Dare to show your feelings. Dare to say or show that someone hurt your feelings. Dare to cry when you feel like it. Know that your feeling are your emotional reaction to someone or something and those emotions are like clouds that will pass. They don’t define you, they are just passing reactions, a healing process, a purifying process to release your hurt, anger or frustration.
With authentic family, friends and work environment you don’t have to fear your emotional reaction (remember to be appropriate though). They know and you know that this argument or disagreement is just purifying and clearing things. You come to meet each other more authentic, you come to know each other deeper. Once you are that trusting that you are able to argue with someone you in fact show them that you are trusting them not to leave you even at their “weakest” moment.
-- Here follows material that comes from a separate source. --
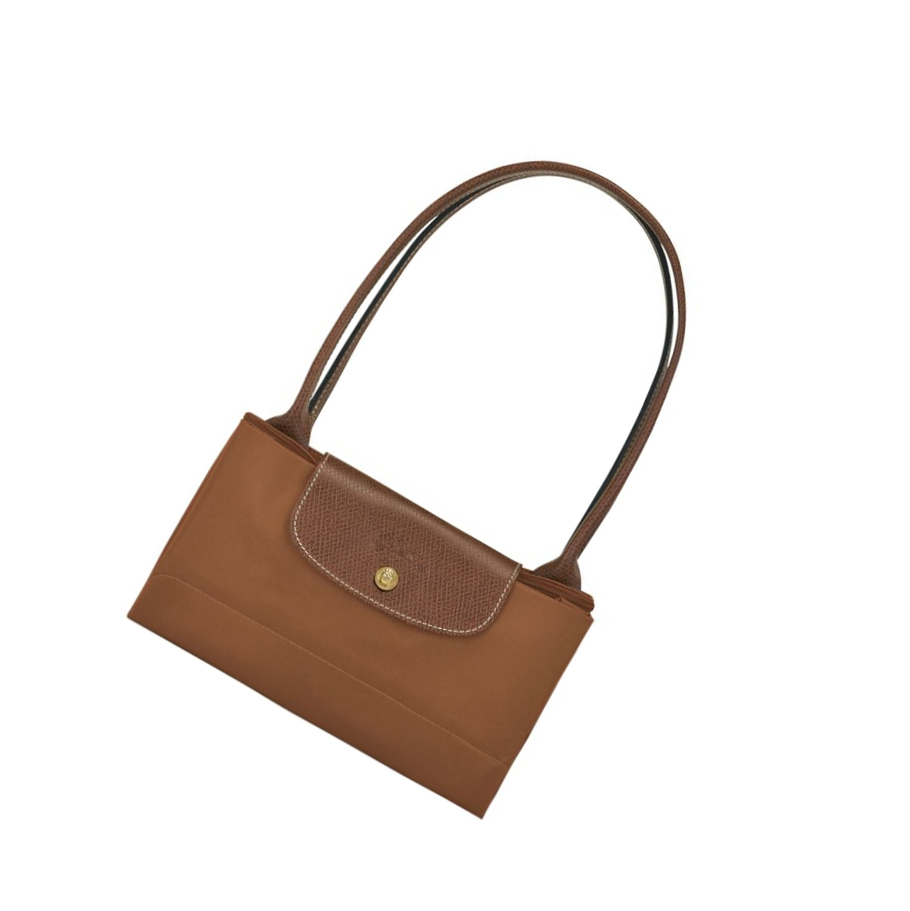 Longchamp Le Pliage Original L Naisten Olkalaukku Ruskea | Fi-SEBA462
Weakest meaning that they might have this emotional reaction due to their immaturity, or misconceived perception (like victim-hood, guilt etc.). You trust that other part so much that you don’t fear of loosing them or their love. This authenticity will boost yours or their or both of your self-confidence and your need to be accepted, admired or honored.
In fact these are the principles of a true mature parent/friend/co-worker. Because authentic loving parent/friend/co-worker will not please you, they will not do things for you if you are capable to do them for yourself. Their support will help you to find your confidence if you fall. Their trust in you will help you to trust yourself when you lose trust in yourself. They will tell straight if they see something you do or are about to do is not healthy (be discerning with this though). Know when they mean the best for you and know when they are trying to manipulate (if they are not mature parents/friends/co-workers). You will know who they are, if in general they behave supportive, loving, coaching/guiding ways. You know that your best of interest is their best of interest too. You know it from the ways how they listen and try to ask questions to give you best possible coaching and guidance they are able to. Their thought process becomes transparent to you. True parent/friend/co-worker or any authentic partner you have will reveal their authenticity by admitting they are not perfect and ask for forgiveness when they have been rude, shouted, argued or even disappointed you. That is true compassion and empathy. They are true to themselves and true to you.
Let’s mature! We got this lifetime now, let us not repeat our ancestral destructive ways to educate ourselves, our children or our partners in life. We are the change. This is our time to make it happen.